By Danielle Grilli, content director of

My first brush with reflexology was on a soccer field.  Sitting on the sidelines, watching my big brother kick the ball around, my little 8 year old head began to ache something terrible.  One of the soccer moms, a nurse, took my hand and began to squeeze the area between my thumb and index finger; several minutes later, my headache began to dissipate. At the time I thought it was magic but she corrected me saying, “It’s not magic, it’s just reflexology.” 

Although the exact origins of reflexology are unclear, it is believed that the practice reaches as far back as ancient Egypt.  Evidence of use can also be found in China, North America and in other areas of the ancient world.  Modern reflexology as we know it has its roots in Zone Therapy which was established by Dr. William H. Fitzgerald in the early 1900’s.  Several years (and theoretical adjustments) later, in the 1970’s, the International Institute of Reflexology was established.

As a therapy, reflexology involves the application of pressure to specific points in the feet, hands or ears.   Not unlike Acupuncture points, reflexology points are thought to coincide with different energy channels in the body.  As a result, it is believed that the application of pressure to a particular point stimulates the muscles, organs, and nerves that lie along that zone, or channel, allowing them to function more effectively.

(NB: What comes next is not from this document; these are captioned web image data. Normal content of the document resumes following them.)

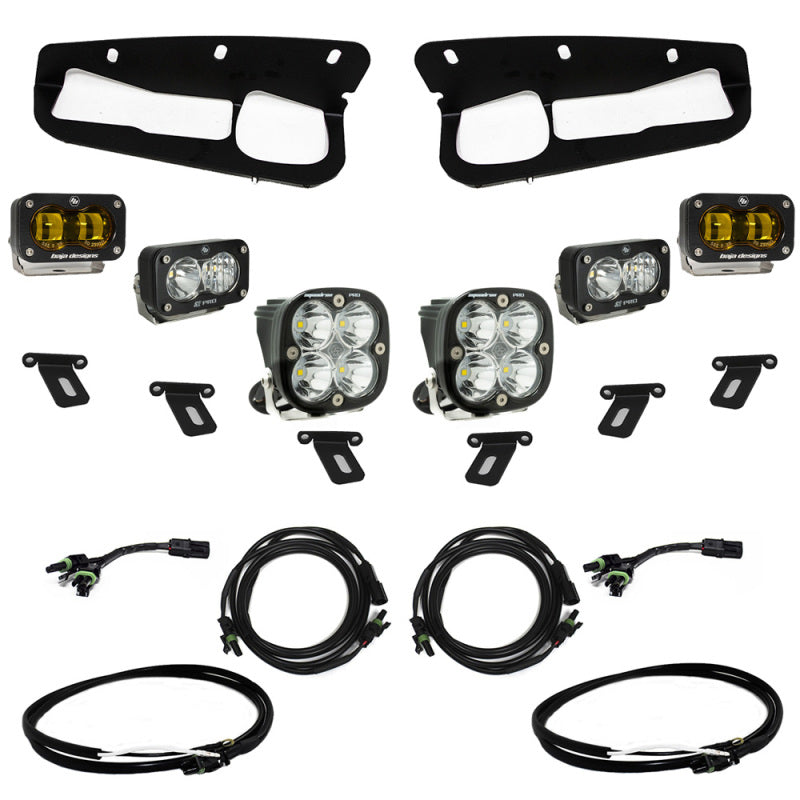 Baja Designs 448179UP 21-22 Ford Bronco w/Steel Bumper S2 SAE Pro Fog Pocket Light Kit w/Upfitter - Amber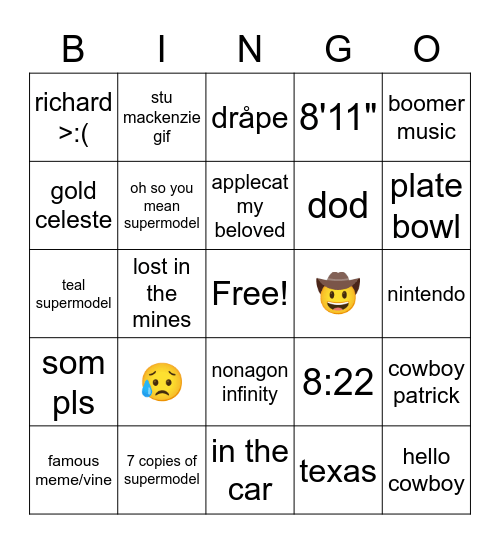 james bing(o) Bingo Card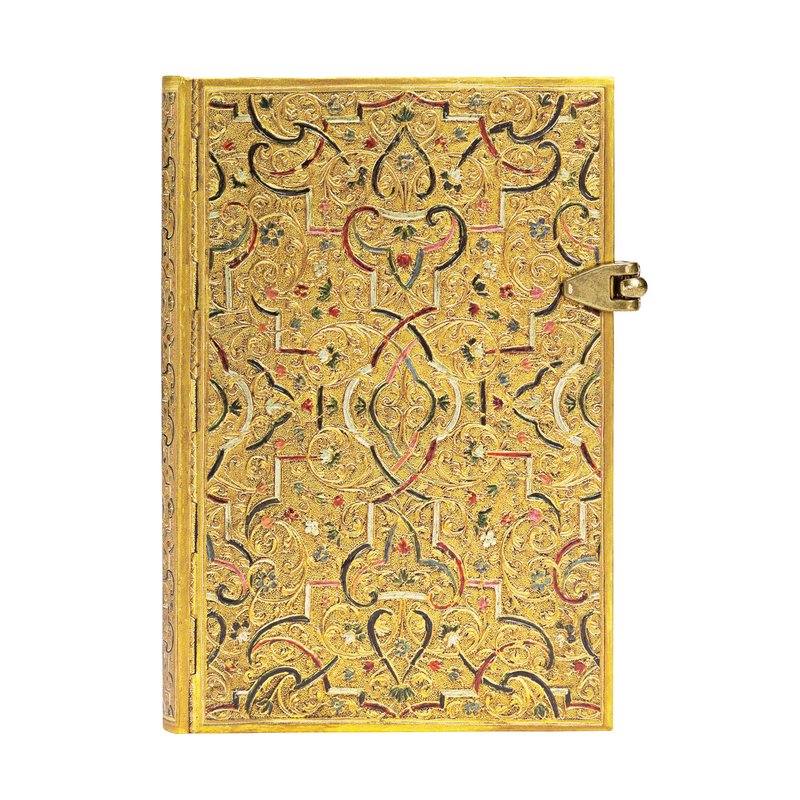 Gold Inlay, Hardcover, Mini, Lined, Clasp Closure, 208 Pg, 85 GSM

As regards the efficacy of reflexology, the jury’s still out.  Although several studies have shown reflexology to be beneficial in the treatment of conditions such as premenstrual syndrome, recurrent migraines, and high blood pressure; to date, there have not been enough successful results to unequivocally prove its efficacy for any given condition.  That said, as with many CAM (Complementary and Alternative Medicine) treatments, reflexology is personalized and trials are few and far between so it is difficult to determine how effective it really is as a system of treatment.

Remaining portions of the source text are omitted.